[Caption-style text data]
--
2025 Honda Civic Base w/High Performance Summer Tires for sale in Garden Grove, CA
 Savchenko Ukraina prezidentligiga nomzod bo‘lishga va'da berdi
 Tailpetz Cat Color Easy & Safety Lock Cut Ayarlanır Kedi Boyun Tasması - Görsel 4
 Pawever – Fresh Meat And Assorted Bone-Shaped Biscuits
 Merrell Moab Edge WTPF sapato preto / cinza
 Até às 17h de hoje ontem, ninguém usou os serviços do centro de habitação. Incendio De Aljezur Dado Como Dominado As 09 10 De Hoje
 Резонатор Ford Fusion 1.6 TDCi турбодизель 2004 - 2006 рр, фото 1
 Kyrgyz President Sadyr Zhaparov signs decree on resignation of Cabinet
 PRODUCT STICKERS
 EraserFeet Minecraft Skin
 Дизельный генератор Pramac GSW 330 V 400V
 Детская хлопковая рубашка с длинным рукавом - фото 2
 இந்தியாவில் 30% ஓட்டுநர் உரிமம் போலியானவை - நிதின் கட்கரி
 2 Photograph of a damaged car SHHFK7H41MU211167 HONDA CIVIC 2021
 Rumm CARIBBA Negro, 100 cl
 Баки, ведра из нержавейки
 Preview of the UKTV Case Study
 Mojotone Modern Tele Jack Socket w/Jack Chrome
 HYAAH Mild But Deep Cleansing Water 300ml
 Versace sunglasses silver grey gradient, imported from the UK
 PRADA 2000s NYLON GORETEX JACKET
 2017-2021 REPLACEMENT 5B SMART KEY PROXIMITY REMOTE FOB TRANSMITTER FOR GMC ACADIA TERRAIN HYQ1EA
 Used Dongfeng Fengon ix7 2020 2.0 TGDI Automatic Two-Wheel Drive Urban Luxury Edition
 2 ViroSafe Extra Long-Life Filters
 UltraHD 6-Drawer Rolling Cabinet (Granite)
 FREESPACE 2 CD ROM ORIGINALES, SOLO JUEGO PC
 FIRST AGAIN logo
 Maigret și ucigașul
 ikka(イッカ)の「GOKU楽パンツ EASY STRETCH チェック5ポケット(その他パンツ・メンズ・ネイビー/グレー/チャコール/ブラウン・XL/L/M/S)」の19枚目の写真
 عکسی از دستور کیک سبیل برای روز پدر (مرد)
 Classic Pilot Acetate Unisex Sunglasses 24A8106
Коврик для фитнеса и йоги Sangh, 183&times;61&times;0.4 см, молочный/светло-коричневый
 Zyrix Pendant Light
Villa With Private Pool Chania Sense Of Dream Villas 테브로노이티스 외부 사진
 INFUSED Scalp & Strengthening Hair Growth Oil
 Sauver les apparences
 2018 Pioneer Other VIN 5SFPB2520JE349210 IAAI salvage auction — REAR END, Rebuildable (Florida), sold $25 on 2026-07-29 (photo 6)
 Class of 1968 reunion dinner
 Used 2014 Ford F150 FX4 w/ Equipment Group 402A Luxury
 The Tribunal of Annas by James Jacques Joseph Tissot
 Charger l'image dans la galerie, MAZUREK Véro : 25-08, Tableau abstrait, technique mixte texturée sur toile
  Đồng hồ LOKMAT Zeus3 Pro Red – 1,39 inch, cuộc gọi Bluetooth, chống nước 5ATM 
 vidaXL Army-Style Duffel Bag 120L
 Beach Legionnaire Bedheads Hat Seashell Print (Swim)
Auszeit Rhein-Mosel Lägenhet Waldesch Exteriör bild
--
> Assignment: Exactly as they appear, retype the lines from the start of the records through the line containing "Merrell Moab Edge WTPF sapato preto / cinza".

> Answer section:
2025 Honda Civic Base w/High Performance Summer Tires for sale in Garden Grove, CA
 Savchenko Ukraina prezidentligiga nomzod bo‘lishga va'da berdi
 Tailpetz Cat Color Easy & Safety Lock Cut Ayarlanır Kedi Boyun Tasması - Görsel 4
 Pawever – Fresh Meat And Assorted Bone-Shaped Biscuits
 Merrell Moab Edge WTPF sapato preto / cinza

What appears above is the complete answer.